On the death of one of the executive stockholders, the corporation was required to purchase from the then holders or their personal representatives all the stock, common or preferred, owned by the executive stockholder at the time of the execution of the contract, or to liquidate, as the surviving executive stockholders might elect. In the event that the surviving executive stockholders decided to purchase from the then holders the stock held by the deceased executive stockholder at the date of the contract, the purchase was to be consummated within three months after his death. The purchase price of the common stock was fixed at its book value as determined by the regular audit of the books of the corporation as of the close of the last preceding fiscal year if the death of the executive stockholder occurred within the first ten months of the fiscal year, or at the book value at the close of the then current fiscal year if the death occurred during the last two months of the fiscal year. The fiscal year of the corporation was the same as the calendar year. If the book value as of the close of the last fiscal year preceding the death of the executive stockholder became the purchase price of the stock, provision was made for adjustment in the purchase price by giving consideration to any substantial changes in capital account which might have taken place in the interim between the close of the preceding fiscal year and the date of the consummation of the purchase, including the maturity of insurance carried upon the life of the deceased executive stockholder, and to certain other accounting factors not important here. At the time of the gift in question the corporation carried insurance upon the life of petitioner in the amount of $100,000. The purchase price of the common stock was to be paid in cash to the extent of the proceeds of the insurance upon the life of the deceased executive stockholder, the balance to be represented by unsecured notes of the corporation, payable over a period of three years, bearing interest at six per cent, and subject to prepayment and to acceleration on default.

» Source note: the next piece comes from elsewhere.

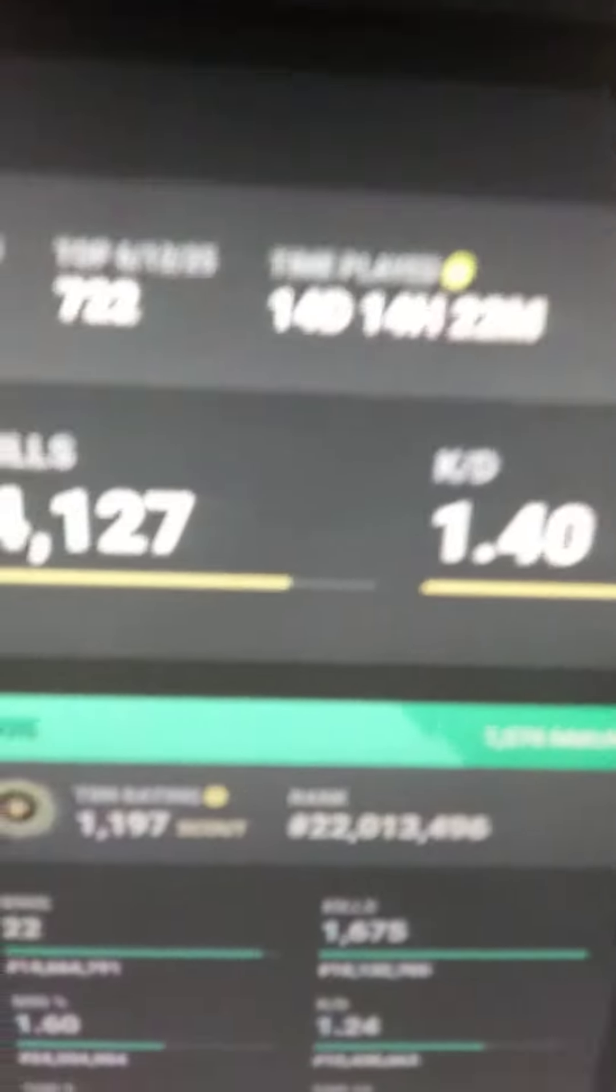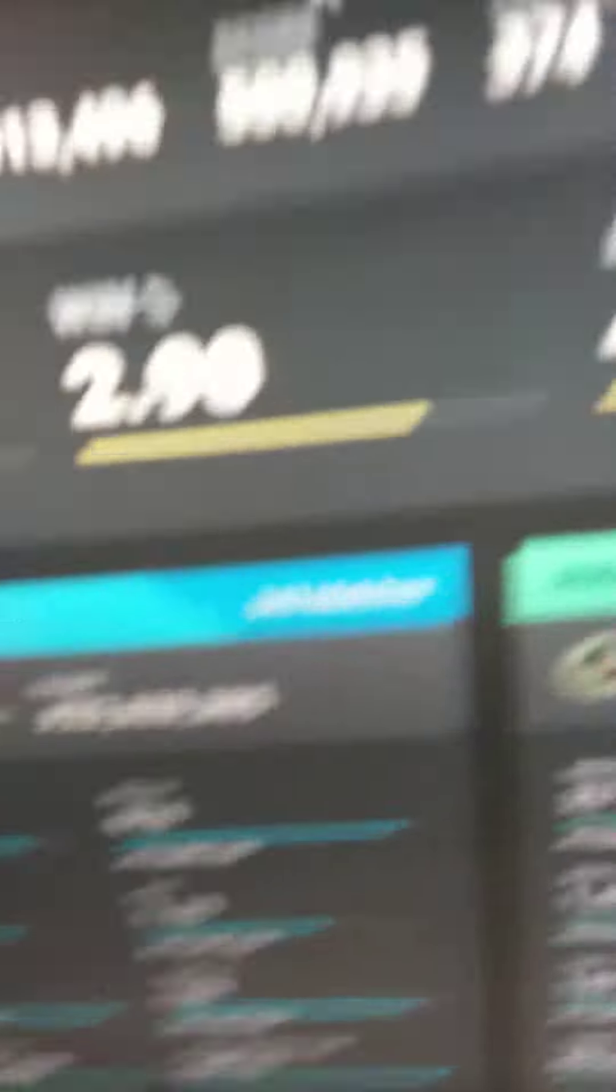As you can see, this is mine right there. So I have 87 wins, 2.9 win percentage, don't know what that is, 4,000 kills all together, and 1.4 KD.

In the event the corporation was unable to purchase the stock of a deceased executive stockholder, the contract provided that the purchase should be made by the corporation to the extent that such purchase was lawful, and that the surviving executive stockholders should purchase the remainder of the stock upon the same terms as were provided for purchase by the corporation.

On the death of the second executive stockholder, the corporation was required to purchase upon the same terms as set forth above from the then holders or their personal representatives all stock in the corporation owned by the deceased second executive stockholder or by his wife or lineal descendants at the time of the execution of the contract.

After first obtaining the approval of all the executive stockholders or the survivors of them, the corporation or any of the executive stockholders had the right to purchase any or all of the common or preferred stock...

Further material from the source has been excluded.